TUTTI PAZZI PER LA BOSCHI

L'involontario tête-à-tête del ministro

Il segretario del Circolo di Santa Giustina inciampa e si aggrappa al ministro: stupore e divertimento alla Festa dell'Unità del Partito democratico

 L'involontario tête-à-tête del ministro

RIMINI. Eroe per un giorno. Uomo più invidiato del Pd. Improbabile protagonista del “gossip”. Tutte definizioni che Ettore Pagliarani da Santa Giustina può esibire come un biglietto da visita. “Piacere, Ettore Pagliarani, quello che ha travolto e abbracciato la ministra, quella bella”.

Allora. Maria Elena Boschi lunedì è a Rimini, l’attendono alla Festa dell’Unità per parlare di riforme. Prima, però, l’attesa vuole la sua soddisfazione, oltre che almeno una foto ricordo, così il ministro viene scortato in lungo e in largo a visitare stand, graticole, addetti alla cucina. Immancabile a questo proposito l’incontro con Abramo Fraternali, maestro incontrastato e detentore dell’antico segreto della salamella alla brace.

Ecco. Proprio fra un flash e una stretta di mano, va in scena il momento più divertente del pomeriggio: Pagliarani perde l’equilibrio e si aggrappa al ministro come un naufrago alla boa d’emergenza. Qualche malizioso non può fare a meno di notare una mano malandrina, ma noi a questo gioco non ci stiamo: la sequenza fotografica vale più di mille parole.

«Il ministro faceva il giro degli stand - racconta Pagliarani - e con il segretario Magrini ci siamo avvicinati per la foto di gruppo. Lo spazio era quello che era, eravamo in molti, alla fine ho perso l’equilibrio. Maria Elena è stata simpatica, mi ha detto: adesso andiamo a finire su tutti i giornali».

Per Pagliarani, segretario del Circolo di santa Giustina, il pomeriggio bravo può finire lì. Invece c’è addirittura un bis, subito dopo la parte seria della visita riminese sul palco insieme all’onorevole Tiziano Arlotti e all’assessore regionale Emma Petitti.

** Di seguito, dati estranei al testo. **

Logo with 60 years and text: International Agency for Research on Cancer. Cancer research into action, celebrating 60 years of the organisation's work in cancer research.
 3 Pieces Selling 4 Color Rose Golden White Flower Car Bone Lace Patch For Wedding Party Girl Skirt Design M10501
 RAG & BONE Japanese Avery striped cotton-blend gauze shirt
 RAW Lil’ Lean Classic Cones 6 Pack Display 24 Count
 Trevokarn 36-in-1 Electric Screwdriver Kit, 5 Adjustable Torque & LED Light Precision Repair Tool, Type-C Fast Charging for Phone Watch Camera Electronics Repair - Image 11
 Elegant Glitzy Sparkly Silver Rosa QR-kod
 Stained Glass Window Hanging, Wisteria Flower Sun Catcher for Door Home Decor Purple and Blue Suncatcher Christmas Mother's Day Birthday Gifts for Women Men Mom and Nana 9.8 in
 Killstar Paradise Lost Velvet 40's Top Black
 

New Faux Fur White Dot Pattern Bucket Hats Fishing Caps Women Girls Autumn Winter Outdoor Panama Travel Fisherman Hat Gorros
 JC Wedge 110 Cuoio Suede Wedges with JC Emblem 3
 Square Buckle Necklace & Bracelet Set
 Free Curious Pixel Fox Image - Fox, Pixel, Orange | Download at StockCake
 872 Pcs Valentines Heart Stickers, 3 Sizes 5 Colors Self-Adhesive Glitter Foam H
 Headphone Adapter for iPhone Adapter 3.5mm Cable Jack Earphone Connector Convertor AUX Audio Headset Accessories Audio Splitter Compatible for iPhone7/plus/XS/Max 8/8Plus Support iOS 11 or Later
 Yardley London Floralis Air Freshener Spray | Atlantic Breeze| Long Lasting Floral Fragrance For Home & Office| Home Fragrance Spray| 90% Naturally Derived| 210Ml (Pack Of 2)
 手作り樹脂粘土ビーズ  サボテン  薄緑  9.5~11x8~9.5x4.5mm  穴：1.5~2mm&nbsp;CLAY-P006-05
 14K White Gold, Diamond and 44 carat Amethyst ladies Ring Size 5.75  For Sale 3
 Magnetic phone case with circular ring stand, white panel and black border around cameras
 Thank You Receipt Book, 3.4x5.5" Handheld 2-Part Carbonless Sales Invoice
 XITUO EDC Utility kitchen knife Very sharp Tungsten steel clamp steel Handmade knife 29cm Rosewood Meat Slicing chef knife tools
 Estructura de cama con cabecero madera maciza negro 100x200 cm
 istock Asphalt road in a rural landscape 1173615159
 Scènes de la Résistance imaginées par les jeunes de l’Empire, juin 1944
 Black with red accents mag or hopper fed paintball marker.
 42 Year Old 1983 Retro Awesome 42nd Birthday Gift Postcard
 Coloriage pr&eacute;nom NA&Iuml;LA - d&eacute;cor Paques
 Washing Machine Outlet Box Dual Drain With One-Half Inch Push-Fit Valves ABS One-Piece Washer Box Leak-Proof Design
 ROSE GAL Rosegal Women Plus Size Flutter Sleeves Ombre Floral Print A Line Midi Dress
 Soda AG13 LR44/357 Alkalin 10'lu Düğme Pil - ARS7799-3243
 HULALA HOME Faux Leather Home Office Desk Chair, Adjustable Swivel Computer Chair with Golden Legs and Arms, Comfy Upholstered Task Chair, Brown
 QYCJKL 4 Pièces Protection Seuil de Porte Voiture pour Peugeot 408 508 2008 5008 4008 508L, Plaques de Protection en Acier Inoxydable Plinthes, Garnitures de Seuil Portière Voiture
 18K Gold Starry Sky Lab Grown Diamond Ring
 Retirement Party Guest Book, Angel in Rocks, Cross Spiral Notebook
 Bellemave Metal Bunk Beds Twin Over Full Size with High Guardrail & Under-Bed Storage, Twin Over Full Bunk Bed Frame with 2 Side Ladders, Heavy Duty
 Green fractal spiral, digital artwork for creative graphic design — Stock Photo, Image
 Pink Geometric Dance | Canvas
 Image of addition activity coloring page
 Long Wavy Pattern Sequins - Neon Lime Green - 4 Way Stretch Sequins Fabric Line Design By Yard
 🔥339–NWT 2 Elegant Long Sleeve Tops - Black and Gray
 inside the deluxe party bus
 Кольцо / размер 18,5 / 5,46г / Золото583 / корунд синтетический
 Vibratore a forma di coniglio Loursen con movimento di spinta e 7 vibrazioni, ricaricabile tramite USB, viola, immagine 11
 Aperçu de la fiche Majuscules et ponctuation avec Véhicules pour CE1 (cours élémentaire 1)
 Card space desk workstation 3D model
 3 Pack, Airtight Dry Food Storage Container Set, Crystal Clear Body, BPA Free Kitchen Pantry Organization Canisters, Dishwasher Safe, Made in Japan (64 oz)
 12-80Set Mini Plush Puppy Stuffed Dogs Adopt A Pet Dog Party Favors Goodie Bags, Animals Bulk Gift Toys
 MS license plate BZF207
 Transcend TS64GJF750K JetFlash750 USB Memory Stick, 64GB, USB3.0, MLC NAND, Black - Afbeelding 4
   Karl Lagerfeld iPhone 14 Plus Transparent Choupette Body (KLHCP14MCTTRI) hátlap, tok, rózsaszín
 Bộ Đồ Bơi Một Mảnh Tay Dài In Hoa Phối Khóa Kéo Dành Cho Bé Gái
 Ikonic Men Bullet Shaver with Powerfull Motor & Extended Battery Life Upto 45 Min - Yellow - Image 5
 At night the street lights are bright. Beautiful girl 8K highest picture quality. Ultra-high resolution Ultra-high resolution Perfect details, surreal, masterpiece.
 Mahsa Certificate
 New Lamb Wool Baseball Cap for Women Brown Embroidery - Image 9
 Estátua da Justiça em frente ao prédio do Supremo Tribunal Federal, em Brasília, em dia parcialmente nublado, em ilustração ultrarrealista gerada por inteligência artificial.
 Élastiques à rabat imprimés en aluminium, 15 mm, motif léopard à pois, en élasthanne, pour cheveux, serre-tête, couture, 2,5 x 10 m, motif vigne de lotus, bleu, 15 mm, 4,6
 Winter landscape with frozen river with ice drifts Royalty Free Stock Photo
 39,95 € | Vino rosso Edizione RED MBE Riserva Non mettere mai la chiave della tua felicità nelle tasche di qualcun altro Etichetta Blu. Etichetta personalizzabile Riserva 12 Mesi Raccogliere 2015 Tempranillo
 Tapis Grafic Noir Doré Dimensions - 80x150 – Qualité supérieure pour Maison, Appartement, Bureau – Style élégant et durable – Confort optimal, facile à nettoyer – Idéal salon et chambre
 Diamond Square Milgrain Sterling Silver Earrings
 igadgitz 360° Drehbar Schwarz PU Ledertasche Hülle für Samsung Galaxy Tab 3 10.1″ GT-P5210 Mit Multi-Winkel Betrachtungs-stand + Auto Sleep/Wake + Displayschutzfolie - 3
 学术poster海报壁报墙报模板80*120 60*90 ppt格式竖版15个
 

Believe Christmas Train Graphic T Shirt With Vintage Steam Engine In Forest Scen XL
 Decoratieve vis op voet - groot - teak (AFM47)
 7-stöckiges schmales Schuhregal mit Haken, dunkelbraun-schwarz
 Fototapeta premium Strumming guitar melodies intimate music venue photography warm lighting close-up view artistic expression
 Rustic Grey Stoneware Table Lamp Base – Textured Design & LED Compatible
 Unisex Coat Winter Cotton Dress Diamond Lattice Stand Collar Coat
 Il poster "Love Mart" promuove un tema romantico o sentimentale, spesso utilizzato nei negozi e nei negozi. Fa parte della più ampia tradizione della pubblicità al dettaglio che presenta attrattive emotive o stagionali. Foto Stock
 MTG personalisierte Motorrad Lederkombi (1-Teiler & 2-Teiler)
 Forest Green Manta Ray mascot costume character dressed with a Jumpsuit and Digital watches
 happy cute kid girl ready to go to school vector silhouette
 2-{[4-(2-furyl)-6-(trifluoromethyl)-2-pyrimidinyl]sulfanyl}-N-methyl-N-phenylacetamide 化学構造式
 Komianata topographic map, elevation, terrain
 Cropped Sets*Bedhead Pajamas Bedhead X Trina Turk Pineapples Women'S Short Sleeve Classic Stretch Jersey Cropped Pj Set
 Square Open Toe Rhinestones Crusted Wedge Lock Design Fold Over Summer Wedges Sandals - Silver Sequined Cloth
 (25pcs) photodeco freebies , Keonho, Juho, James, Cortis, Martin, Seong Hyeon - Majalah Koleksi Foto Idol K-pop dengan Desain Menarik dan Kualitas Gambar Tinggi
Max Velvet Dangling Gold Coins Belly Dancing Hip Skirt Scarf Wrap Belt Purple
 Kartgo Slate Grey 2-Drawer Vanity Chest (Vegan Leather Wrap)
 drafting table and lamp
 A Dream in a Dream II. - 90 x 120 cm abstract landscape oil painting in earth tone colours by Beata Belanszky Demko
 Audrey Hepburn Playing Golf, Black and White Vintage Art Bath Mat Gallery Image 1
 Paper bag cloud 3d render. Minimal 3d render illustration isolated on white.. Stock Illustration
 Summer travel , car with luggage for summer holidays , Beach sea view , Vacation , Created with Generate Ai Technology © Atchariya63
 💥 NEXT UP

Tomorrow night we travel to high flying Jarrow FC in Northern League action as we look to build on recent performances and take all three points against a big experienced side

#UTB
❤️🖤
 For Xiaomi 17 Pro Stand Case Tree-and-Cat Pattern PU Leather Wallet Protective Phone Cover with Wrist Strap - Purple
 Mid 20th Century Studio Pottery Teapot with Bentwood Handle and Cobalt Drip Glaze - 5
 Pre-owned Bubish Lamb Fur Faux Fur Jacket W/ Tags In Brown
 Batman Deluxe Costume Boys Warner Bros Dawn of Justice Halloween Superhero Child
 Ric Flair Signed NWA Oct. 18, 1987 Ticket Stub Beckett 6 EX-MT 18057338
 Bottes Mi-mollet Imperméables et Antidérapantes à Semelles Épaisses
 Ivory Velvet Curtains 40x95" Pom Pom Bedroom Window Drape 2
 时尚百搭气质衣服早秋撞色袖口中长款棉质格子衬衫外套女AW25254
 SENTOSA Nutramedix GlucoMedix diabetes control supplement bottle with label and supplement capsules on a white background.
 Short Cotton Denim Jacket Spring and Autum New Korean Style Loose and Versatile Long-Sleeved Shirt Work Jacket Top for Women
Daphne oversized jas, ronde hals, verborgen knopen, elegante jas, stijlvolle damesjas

Quando Maria Elena Boschi raggiunge la vettura per andare via, ecco di nuovo Pagliarani: «Maria Elena, da oggi sono il tuo più grande fan». Un gioco al quale il ministro non si sottrae. «Non è che adesso che vado via mi tradisci con un’altra». Un’altra? Ma vogliamo scherzare. «Maria Elena, dopo di te, più nessuna».